The main aim of this pull request, is keep one or several chunks in RAM during the plotting.
There are three main ways of doing this:

  1. The current implementation in this pull request: temporarily store the chunk as a NumPy array inside the signal
  2. Use dask_array.persist() and store this "computed" dask_array inside the signal
  3. Use caching + optimization.fuse

Note that 1 and 2 also benefit from the caching.


After testing this quite a bit, this is my summary:

Numpy Array Persist Cache + fuse=False
Performance 6e-6 s per frame 0.02 s per frame 0.02 s per frame
Code complexity High Medium Low

I think the "temporary" NumPy array implementation is the way to go, as it leaves to a more "smooth" user experience when doing the plotting.
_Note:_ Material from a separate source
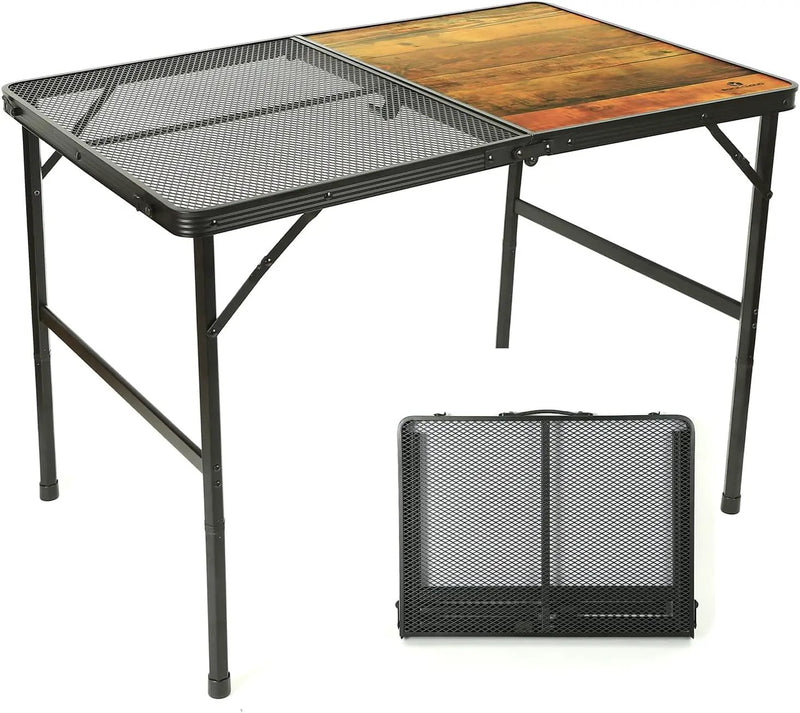 ROCK CLOUD Portable Camping Table Ultralight Aluminum Folding Grill Table Small Camp Table for Beach Hiking Backpacking Outdoor Picnic RV BBQ by GreenHaven Gardens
Even if it adds some more code complexity.


Benchmarking

Making the dataset

import numpy as np
from tqdm import tqdm
import h5py
import dask.array as da
from hyperspy._lazy_signals import LazySignal2D

#################################################
f = h5py.File("001_test_data_256x256.hdf5", mode='w')
data = f.create_dataset(
        'data', shape=(256, 256, 256, 256), dtype=np.uint16, chunks=(32, 32, 32, 32),
        compression='gzip')

x_pos_list = np.linspace(128-20, 128+20, 256, dtype=np.uint16)
y_pos_list = np.linspace(128-40, 128+40, 256, dtype=np.uint16)
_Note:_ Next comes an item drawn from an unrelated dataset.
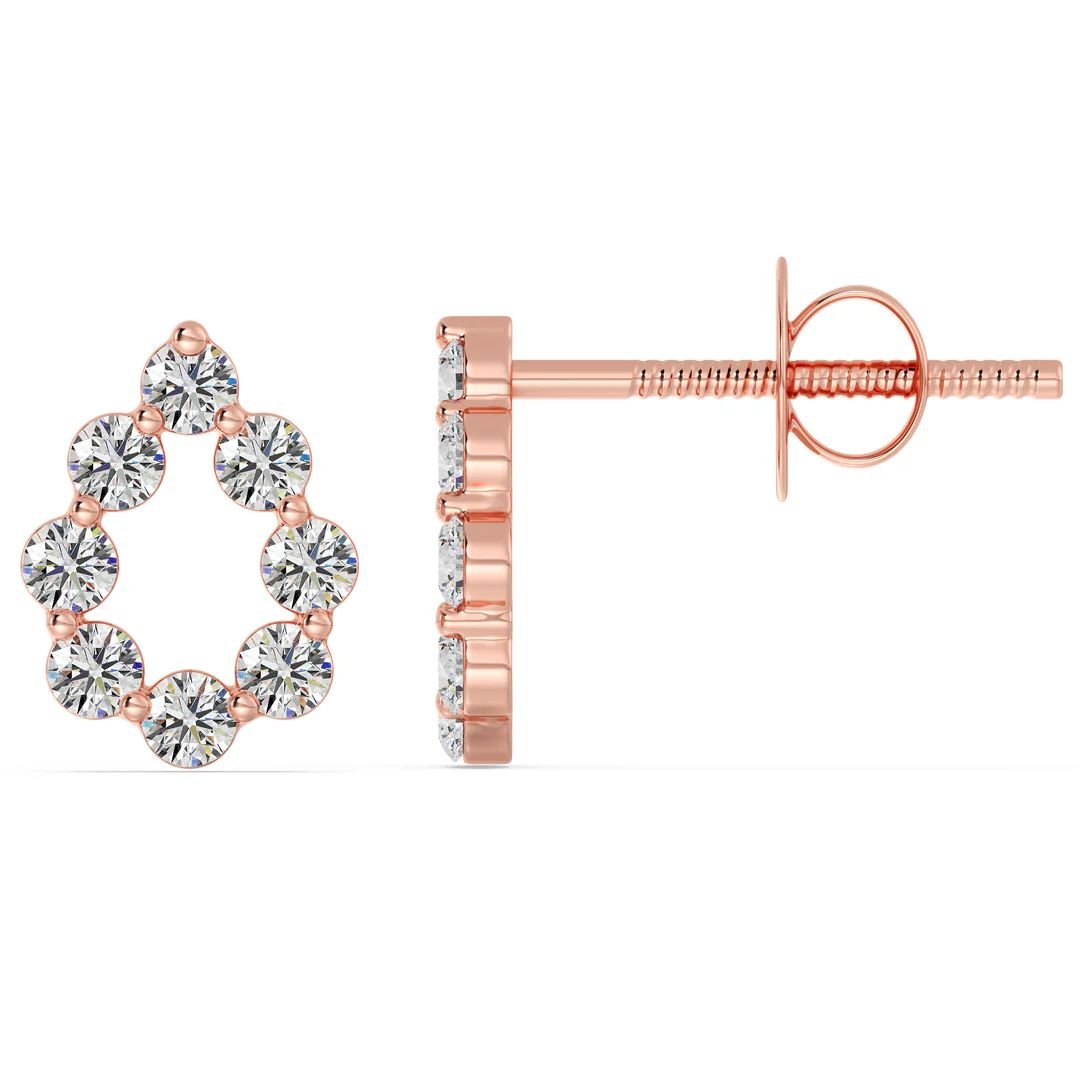 Pear Shaped Stud Earrings - Image 4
image = np.zeros((256, 256), dtype=np.uint16)
pbar = tqdm(total=256*256)

for ix_cube in range(8):
    for iy_cube in range(8):
        data_cube = np.zeros((32, 32, 256, 256), dtype=np.uint16)
        for ix in range(32):
            for iy in range(32):
                ix_pos = ix_cube * 32 + ix
                iy_pos = iy_cube * 32 + iy
                x_pos = x_pos_list[ix_pos]
                y_pos = y_pos_list[iy_pos]
                image[x_pos, y_pos] = 10
                data_cube[ix, iy, :, :] = image
                image[x_pos, y_pos] = 0
                pbar.update(1)
        data[ix_cube*32:(ix_cube+1)*32, iy_cube*32:(iy_cube+1)*32, :, :] = data_cube
        del data_cube

f.close()

#################################################
dask_array = da.from_array(h5py.File("001_test_data_256x256.hdf5")['data'], chunks=(32, 32, 32, 32))
s = LazySignal2D(dask_array)
s.save("001_test_data_256x256.hspy", chunks=(32, 32, 32, 32), overwrite=True)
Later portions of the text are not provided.